11. Additional Defaults. Each of the Loan Parties acknowledges, confirms, and agrees that any misrepresentation by any Loan Party, or any failure of any Loan Party to comply with the covenants, conditions, and agreements contained in this Agreement, any other Loan Document, or any other agreement, document, or instrument at any time executed and/or delivered by such Loan Party with, to or in favor of the Agent or the Lenders, shall constitute an immediate Event of Default under this Agreement and the other Loan Documents. In the event any person other than the Agent and the Lenders shall at any time, for any reason, exercise any of its rights or remedies against any Loan Party or such Loan Party’s property or assets which would in any way affect the Collateral or the Agent’s liens thereon on rights thereto, such event shall constitute an immediate Event of Default hereunder and an Event of Default under the Loan Documents.
12. Capital Raise.
(i) Updates. At such times reasonably requested by Agent, the Loan Parties and the Investment Banker in respect of the Capital Raise shall conduct a telephonic meeting, to be attended by management representatives of the Loan Parties, the Investment Banker, and Agent, during which the Loan Parties and the Investment Banker shall present to Agent on the work done and planned to be done by the Investment Banker and the Loan Parties in connection with each Capital Raise and the results and projected results of such work.
(ii) Cooperation.
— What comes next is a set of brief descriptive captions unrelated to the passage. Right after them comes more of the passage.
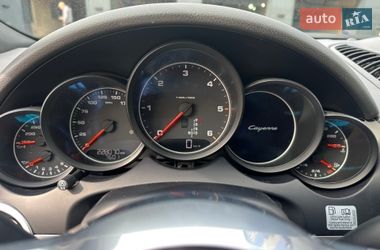 Внедорожник / Кроссовер Porsche Cayenne 2015 в Киеве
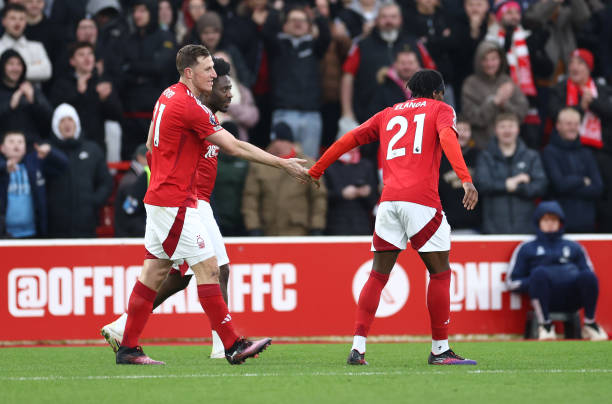 技術(shù)對比：馬拉多納的靈巧與羅納爾多的爆發(fā)力誰更強？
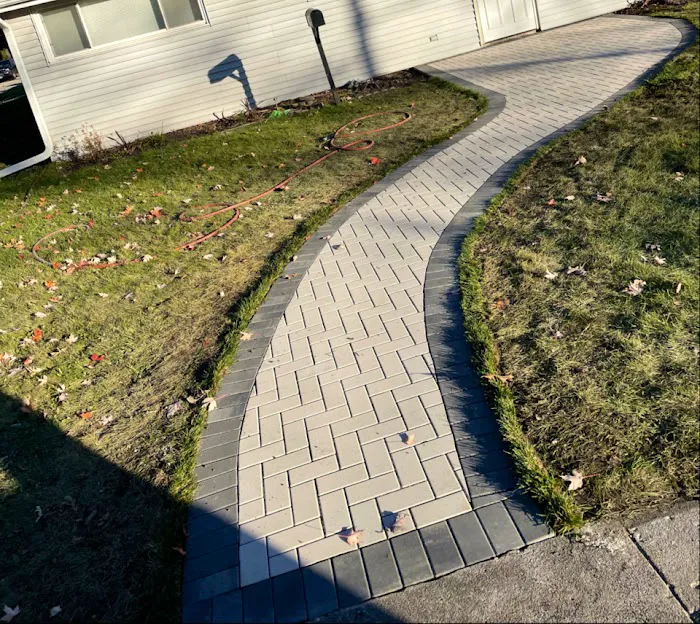 roman landscaping & snowplow Picture 9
During the Forbearance Period and at all times thereafter, the Loan Parties shall (i) maintain an independent committee of the Parent’s board of directors to work with the Agent and the Lenders on the development and execution of a strategic plan for the Loan Parties and the Obligations in the event that the Forbearance Period terminates (an “Alternative Path”) and (ii) direct Teneo and an Investment Banker (which shall not be the Investment Banker assisting the Loan Parties on the Capital Raise) to work with the Agent and the Lenders in the development and execution of the Alternative Path, including the identification and solicitation of additional financing sources for the Loan Parties. The Loan Parties shall fully cooperate with, and shall not impede, contest or otherwise interfere with such efforts.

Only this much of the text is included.